Mars is The New Moon: Why Space Explorers Will Never be The Same

The Earth that Neil Armstrong left forever last month was a different planet than the one he re-entered in 1969.

They won’t be making any more like him: a Navy test pilot with middling grades in his aeronautical engineering classes, husband of a home economics major, a man with so little media training that he bungled the first words spoken from the surface of the moon. The philosophy of his work was primal: “we’re required to do these things just as salmon swim upstream,” he once deadpanned at a press conference. I don’t even think they let people have last names like “Armstrong” anymore — a little too nail on the head.

A few weeks ago I saw a documentary by the rock photographer Norman Seeff called Triumph of the Dream. It follows the Mars rover team through the development of Spirit and Opportunity in 2004; most of those people also make up the team that landed Curiosity last month. While they are certainly the embodiment of modern sci-fi cum sci-reality, these people are definitively not the types of heroes I’m used to. Think Polos and khakis, not spacesuits; a bunch of D&D nerds exploring the depths of space by remote control. In an alcohol-dampened dark alley they could most certainly have their asses beat senseless by the Apollo crew. Here’s Steve Squyres, principal investigator for the Mars missions.

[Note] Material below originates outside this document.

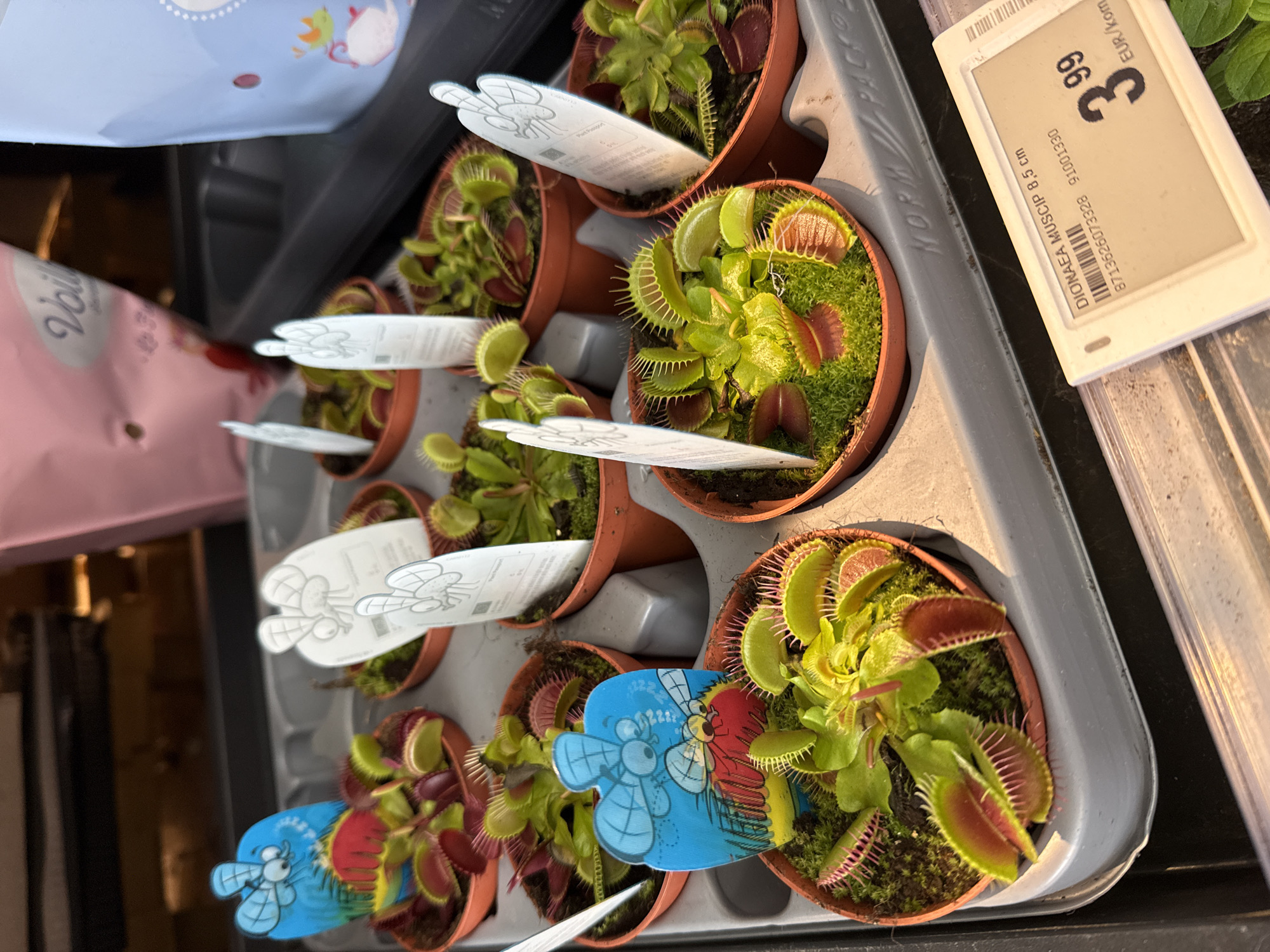The image displays a tray of numerous potted Venus flytrap plants (Dionaea muscipula), likely in a retail environment such as a garden center or supermarket in Zagreb, Croatia. The plants are arranged neatly in a grey plastic tray, with each small pot containing green moss and the characteristic traps of the carnivorous plant.
A white price tag on the right side of the tray prominently shows "3 99 EUR/kom," indicating a price of 3.99 Euros per piece. The tag also identifies the plant as "DIONAEA MUSCIP 8,5 cm," specifying the species and an 8.5 cm pot size. A barcode (8713626073328) and product number (91001330) are also visible. The grey tray itself is marked with "NORM PACK."
Each plant pot typically includes a white paper tag featuring a line drawing of an insect, with "Plant Passport" partially visible on one. In the foreground, one plant stands out with a more colorful, blue and red decorative tag featuring cartoon insects. The background is partially blurred, revealing a pink bag with the text "Voil" and a blue item with a cartoon illustration. The bright lighting suggests an indoor setting where these plants are displayed for sale.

What? In another time, this guy would have been called a lunatic, teased into submission, or even burned at the stake, not given the keys to Mars. He brings the foppishly beatnik side of Woody Allen to a meeting with the universal vision of Galileo and the wild-eyed determination of Charles Manson, a caricature so full of geek rage-determination that you can almost taste the schoolyard bullying on his breath. In short, he’s someone I can relate to. Kind of.

“The space age,” says the White House’s National Space Policy of the United States of America, “began as a race for security and prestige between two superpowers.” That’s putting it a little mildly. In 1957 Americans were scared shitless beneath a black sky that housed an ominously-bleeping alloy beach ball and, four years later, an actual man. Both of them traveled around the Earth in about 90 minutes and neither one spoke much English.